In a recent study, physicians and nurses in critical care and general medicine areas were instructed in use of a critical pathway on inpatient management of DKA. Results showed a decreased LOS and trend toward decreased cost. Treatment variation was also decreased with the intervention.17 An earlier British study found the management of DKA patients in a large teaching hospital to be suboptimal, even after the introduction and dispersal of clinical guidelines. It might be noted in that study that guidelines were aimed at physicians and were not directed at nursing. A study on the management of DKA in a teaching hospital in Spain found inadequacies in the time to initiation and amount of intravenous fluids, under-replacement of potassium, and excessive use of alkali therapy.18 No literature focusing on specific areas of treatment that delay improvement of DKA or affect LOS was found, with studies in this area focusing more generally on critical pathway implementation.

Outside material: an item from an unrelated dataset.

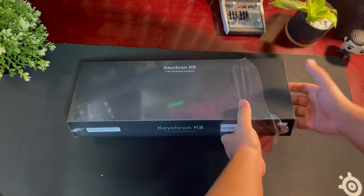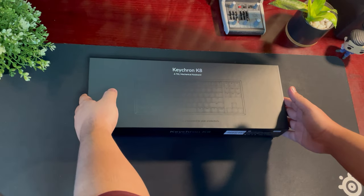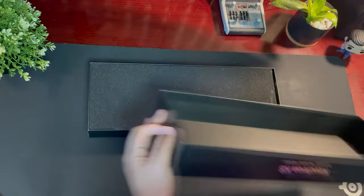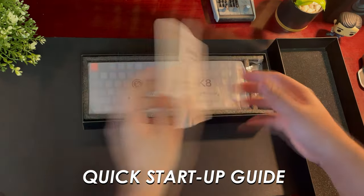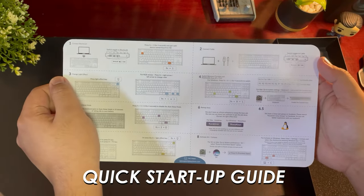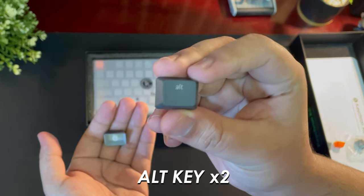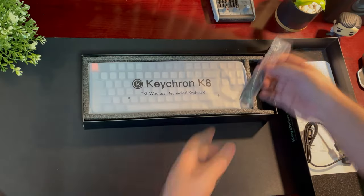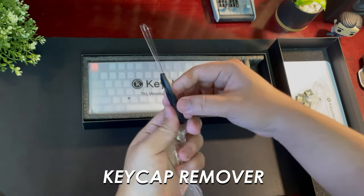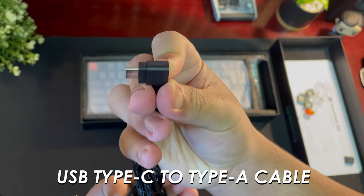So it comes in this gorgeous black box that I love. I love these types of boxes where the lid just lifts up — very classy. Inside, you're welcomed with a quick startup guide, extra key caps for Windows users, replacement key caps for your escape key and the light key, and a key cap remover.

The current study examined the following research question: What are the specific areas of treatment that delay the improvement of DKA and slow progression of patients to less intensive environments? The goal was to identify areas for improvement in the treatment of DKA at a large teaching hospital to guide nurses, interns, and residents who are responsible, as a group, for planning and implementing care of patients with DKA. Specific outcomes explored included total LOS, time to transfer order to a regular floor, and resolution of anion gap.

DESIGN AND SAMPLE

A post hoc design was used to review the medical records of patients admitted and treated for DKA at a large New England teaching hospital. No record was excluded on the basis of race, gender, or concomitant disease. Eligibility for the study was based solely on age of more than 18 years and diagnosis of DKA as defined by the following:

* plasma glucose > 250 mg/dL,
* arterial pH < 7.25,
* serum bicarbonate < 15 to 18 mEq/L,
* positive urine ketones,
* positive serum ketones, and
* anion gap >10 mEq/L, calculation: (Na+) – (Cl- + HCO3-) mEq/L.16
PROCEDURE

The study was approved for human subjects' protection by the institution's internal review board. Medical records for patients admitted with a diagnosis of DKA were identified using the ICD-9 codes for DKA (250.11, 250.12, 250.13; and 250.21, 250.22, and 250.23) and reviewed for inclusion criteria. All charts meeting these criteria from January 1, 2004, through December 31, 2005 (2 full years), were sampled. The researcher transcribed data from included charts onto a collection instrument, including timing of treatments, location within the institution, laboratory values, and LOS.

RESULTS

The sample consisted of 55 cases. One patient died, whereas the other 54 survived to discharge. The mean age was 38 (SD = 15.8) years, with range 18 to 79 years. Thirty (54.5%) were men. Twenty-three charts indicated race, with 9 (16.3%) Hispanic, 7 (12.7%) black, 6 (10.9%) white, and 1 (1.8%) Indian. Diabetes type was indicated in 45 charts. Thirty-one (56.3%) cases were type 1, 8 (14.5%) type 2, and 6 (10.9%) new onset (type not specified). Only 18 records indicated the duration of diabetes, M = 12.1 (SD = 8.15). The most common concomitant disease was pancreatitis, with 6 (10.9%) cases given this diagnosis. Patients were admitted to 3 areas: medical intermediate care (MICA) (n = 27, 49.1%), intensive care unit (ICU) (n = 16, 29.1%), and general medical units (n = 12, (21.8%).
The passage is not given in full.